Normalization in Sequence Analysis: A Comprehensive Guide

Introduction

When comparing sequences, whether they represent career trajectories, family formation patterns, or health states, the raw distances you compute can be misleading. A distance of 10 between two short sequences might mean something very different than a distance of 10 between two long sequences. But even when sequences have the same length, raw distances may not tell the full story.

Normalization solves this problem by rescaling distances to a common, interpretable scale. The question is: when do you actually need it?

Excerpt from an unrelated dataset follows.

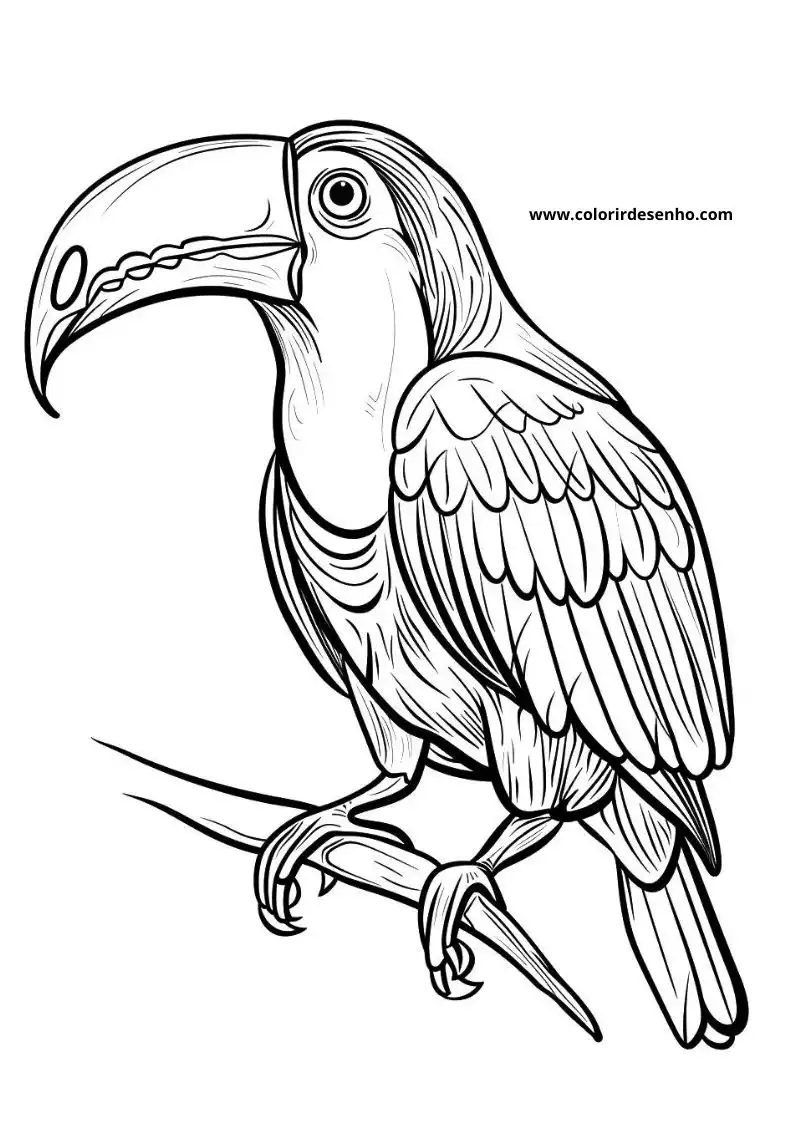 Download Toucan Coloring Pages 1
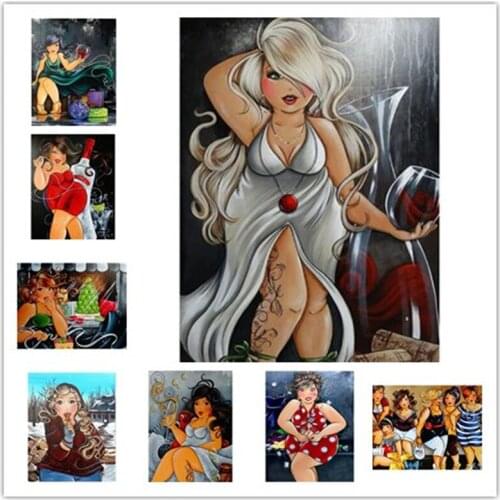 New full square/round diy diamond painting Cartoon lady Diamond embroidery Rhinestone Kid room decoration Home Decoration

The TraMineR paper (Gabadinho et al. 2011) emphasizes normalization primarily for sequences of different lengths, noting: "When dealing with sequences of different lengths, we may want to normalize the distances to account for these differences." This is indeed an important use case. However, as Elzinga & Studer (2019) demonstrate, normalization serves broader purposes. Their research shows that normalization is crucial even when sequences have the same length—for example, when comparing across different contexts (like birth cohorts) or when you need interpretable similarity scores. The 2019 paper reveals that normalization can uncover hidden patterns that raw distances obscure, regardless of whether sequences have equal lengths.

This tutorial explains what normalization is, why it matters, when to use it, and how different normalization methods work. We'll draw on key literature in sequence analysis and show how Sequenzo implements these methods, including the Elzinga & Studer (2019) method that TraMineR doesn't yet offer.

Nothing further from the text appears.